A federal judge dismissed a case challenging Puerto Rico’s same-sex marriage ban Tuesday.
Citing a 1972 U.S. Supreme Court decision in Baker v. Nelson finding the high court lacked jurisdiction over a constitutional challenge to Minnesota’s marriage laws, U.S. District Court Judge Juan Pérez-Giménez wrote “the Court cannot see how any ‘doctrinal developments’ at the Supreme Court change the outcome of Baker or permit a lower court to ignore it.”
According to Pérez-Giménez, it is up to the people and their representatives to debate “redefining marriage” and not judges.
“Baker, which necessarily decided that a state law defining marriage as a union between a man and woman does not violate the Fourteenth Amendment, remains good law,” he wrote. “Because no right to same-gender marriage emanates from the Constitution, the Commonwealth of Puerto Rico should not be compelled to recognize such unions.

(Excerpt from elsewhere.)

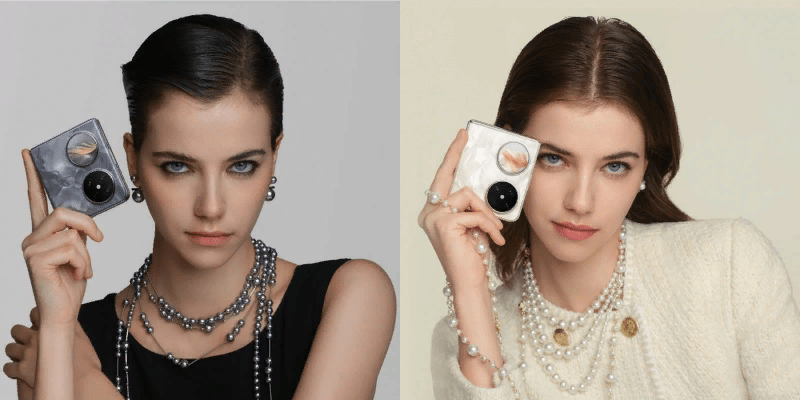 Huawei unveils Pocket 2 | Image 1 Huawei unveils Pocket 2 (image 149)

Instead, Puerto Rico, acting through its legislature, remains free to shape its own marriage policy. In a system of limited constitutional self-government such as ours, this is the prudent outcome.”
Although a number of federal judges have cited the Supreme Court’s sweeping decision in the Windsor case, striking down Section 3 of the Defense of Marriage Act, in rulings striking down same-sex marriage bans since June 2013, Pérez-Giménez pushed back against those developments.
“Windsor does not – cannot – change things,” he wrote. “The Windsor opinion did not create a fundamental right to same- gender marriage nor did it establish that state opposite-gender marriage regulations are amenable to federal constitutional challenges.”
Moreover, decisions striking down same-sex marriage bans “seem to suffer from a peculiar inability to recall the principles embodied in existing marriage law,” he wrote.
The ruling is expected to appealed to the 1st Circuit Court of Appeals, which covers Puerto Rico. Every state in the 1st Circuit — Maine, Massachusetts, New Hampshire and Rhode Island — has marriage equality.